Formula for continuously dividing by 2 I was helping my daughter with her physics homework. The problem had a bee flying back and forth between two bikes moving toward each other.
The question was to see how far the bee traveled. Turned out that the first trip was 15km. The second was 7.5km. The third was 3.75km and the fourth was 1.875. (We estimated that the final answer was 30km)
I realized that each trip was half as far as the last one. But the total was not possible to calculate because there would technically be infinite trips.
As I tried to think of a way to express this mathematically, it reminded me of my long ago calculus classes. (I don’t use calculus in my day job, so I have mostly forgotten it.)
I am done with what my daughter needs to show for her problem, but I am curious:
How do you express and solve dividing a number by two and then repeatedly taking the quotient and dividing by two, getting the sum of all those numbers?
For example:
 15 + 15/2 + 7.5/2 + 3.75/2 + 1.875/2 + ...... + 15/2^(n-1)=30

 A: The first thing to recognize is that repeatedly dividing by 2 is the same as repeatedly multiplying by 1/2. This seemingly irrelevant change is important because you'll find more information about repeated multiplication, simply because we prefer to talk about multiplication instead of division when possible.
Finding the sum of repeated multiplications is known as finding the sum of a geometric series; the values you computed are known as its terms. The sum of finitely many terms (starting from the first and adding each of them until some number of them have been included) is known as a partial sum.

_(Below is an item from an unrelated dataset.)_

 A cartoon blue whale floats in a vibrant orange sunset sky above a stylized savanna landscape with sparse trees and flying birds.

We can even talk about the sum of the whole series, which is the limit of the partial sums viewed as a sequence.
This should provide some search terms if you want to know more, but here's what you'd be likely to find in, say, a high school algebra class: a formula for any partial sum and a formula for the sum. Call the first term $a$ (for your problem, $15$) and let $r$ be such that the second term is $ar$ (i.e., let $r$ be the ratio between terms; and for your problem, $1/2$). Assuming $r \ne 1$, then the partial sum of the first $n$ terms is $a\left(\dfrac{1-r^n}{1-r}\right)$. If and only if $|r| < 1$, then the sum exists and is $\dfrac{a}{1-r}$.